(Records from a data collection)

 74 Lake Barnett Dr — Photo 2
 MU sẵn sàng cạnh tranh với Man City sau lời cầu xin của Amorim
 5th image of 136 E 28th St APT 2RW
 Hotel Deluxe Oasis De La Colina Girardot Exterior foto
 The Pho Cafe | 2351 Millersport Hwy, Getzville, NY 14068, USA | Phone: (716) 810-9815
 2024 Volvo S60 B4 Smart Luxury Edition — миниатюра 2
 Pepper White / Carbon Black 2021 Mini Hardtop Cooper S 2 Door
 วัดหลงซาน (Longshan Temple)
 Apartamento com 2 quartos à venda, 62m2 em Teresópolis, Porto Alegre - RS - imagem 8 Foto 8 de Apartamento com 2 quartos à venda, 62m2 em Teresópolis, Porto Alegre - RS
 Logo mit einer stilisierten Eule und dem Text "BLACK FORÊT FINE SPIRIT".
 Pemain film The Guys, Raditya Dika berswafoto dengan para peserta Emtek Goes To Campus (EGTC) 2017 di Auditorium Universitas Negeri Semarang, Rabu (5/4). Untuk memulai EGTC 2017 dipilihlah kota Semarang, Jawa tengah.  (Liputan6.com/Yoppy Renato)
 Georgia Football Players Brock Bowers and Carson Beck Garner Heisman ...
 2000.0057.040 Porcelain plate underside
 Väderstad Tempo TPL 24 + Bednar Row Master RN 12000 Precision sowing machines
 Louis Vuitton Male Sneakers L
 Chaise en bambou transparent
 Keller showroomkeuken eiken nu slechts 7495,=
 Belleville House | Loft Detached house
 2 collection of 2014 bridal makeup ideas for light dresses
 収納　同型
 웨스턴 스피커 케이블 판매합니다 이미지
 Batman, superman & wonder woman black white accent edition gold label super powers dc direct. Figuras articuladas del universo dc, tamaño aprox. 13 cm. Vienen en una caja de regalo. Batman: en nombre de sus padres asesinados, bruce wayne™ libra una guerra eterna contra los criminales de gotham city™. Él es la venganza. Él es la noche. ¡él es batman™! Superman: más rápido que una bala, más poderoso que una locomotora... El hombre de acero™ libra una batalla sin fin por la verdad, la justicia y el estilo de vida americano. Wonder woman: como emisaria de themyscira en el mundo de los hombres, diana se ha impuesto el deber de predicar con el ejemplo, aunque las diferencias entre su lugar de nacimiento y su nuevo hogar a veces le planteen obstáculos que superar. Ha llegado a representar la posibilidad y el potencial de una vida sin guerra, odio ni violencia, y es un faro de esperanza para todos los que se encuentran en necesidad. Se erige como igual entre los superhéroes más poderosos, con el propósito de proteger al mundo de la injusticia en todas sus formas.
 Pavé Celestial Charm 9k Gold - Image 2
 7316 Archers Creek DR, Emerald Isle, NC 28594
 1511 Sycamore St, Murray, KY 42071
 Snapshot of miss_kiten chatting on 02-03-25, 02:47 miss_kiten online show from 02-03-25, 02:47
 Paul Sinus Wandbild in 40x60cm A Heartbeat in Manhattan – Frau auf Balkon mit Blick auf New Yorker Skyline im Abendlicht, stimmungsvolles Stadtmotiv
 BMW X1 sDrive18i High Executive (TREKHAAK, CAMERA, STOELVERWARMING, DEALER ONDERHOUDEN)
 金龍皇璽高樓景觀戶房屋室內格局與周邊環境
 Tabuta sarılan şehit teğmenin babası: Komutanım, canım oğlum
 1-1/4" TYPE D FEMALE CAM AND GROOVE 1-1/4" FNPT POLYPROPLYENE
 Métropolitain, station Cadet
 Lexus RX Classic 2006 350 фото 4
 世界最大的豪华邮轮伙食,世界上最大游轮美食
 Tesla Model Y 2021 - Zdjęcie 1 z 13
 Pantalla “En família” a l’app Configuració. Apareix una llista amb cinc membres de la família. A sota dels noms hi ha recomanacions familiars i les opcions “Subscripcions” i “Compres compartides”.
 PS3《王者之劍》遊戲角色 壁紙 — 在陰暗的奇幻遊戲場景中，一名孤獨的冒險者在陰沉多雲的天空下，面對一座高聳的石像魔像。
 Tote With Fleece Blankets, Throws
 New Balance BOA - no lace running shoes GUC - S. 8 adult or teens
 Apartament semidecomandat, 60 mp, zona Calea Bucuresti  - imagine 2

What you should do: From the very first line of the data through the line with "웨스턴 스피커 케이블 판매합니다 이미지" in it, please reproduce each line exactly and output nothing more.

Finished task:
 74 Lake Barnett Dr — Photo 2
 MU sẵn sàng cạnh tranh với Man City sau lời cầu xin của Amorim
 5th image of 136 E 28th St APT 2RW
 Hotel Deluxe Oasis De La Colina Girardot Exterior foto
 The Pho Cafe | 2351 Millersport Hwy, Getzville, NY 14068, USA | Phone: (716) 810-9815
 2024 Volvo S60 B4 Smart Luxury Edition — миниатюра 2
 Pepper White / Carbon Black 2021 Mini Hardtop Cooper S 2 Door
 วัดหลงซาน (Longshan Temple)
 Apartamento com 2 quartos à venda, 62m2 em Teresópolis, Porto Alegre - RS - imagem 8 Foto 8 de Apartamento com 2 quartos à venda, 62m2 em Teresópolis, Porto Alegre - RS
 Logo mit einer stilisierten Eule und dem Text "BLACK FORÊT FINE SPIRIT".
 Pemain film The Guys, Raditya Dika berswafoto dengan para peserta Emtek Goes To Campus (EGTC) 2017 di Auditorium Universitas Negeri Semarang, Rabu (5/4). Untuk memulai EGTC 2017 dipilihlah kota Semarang, Jawa tengah.  (Liputan6.com/Yoppy Renato)
 Georgia Football Players Brock Bowers and Carson Beck Garner Heisman ...
 2000.0057.040 Porcelain plate underside
 Väderstad Tempo TPL 24 + Bednar Row Master RN 12000 Precision sowing machines
 Louis Vuitton Male Sneakers L
 Chaise en bambou transparent
 Keller showroomkeuken eiken nu slechts 7495,=
 Belleville House | Loft Detached house
 2 collection of 2014 bridal makeup ideas for light dresses
 収納　同型
 웨스턴 스피커 케이블 판매합니다 이미지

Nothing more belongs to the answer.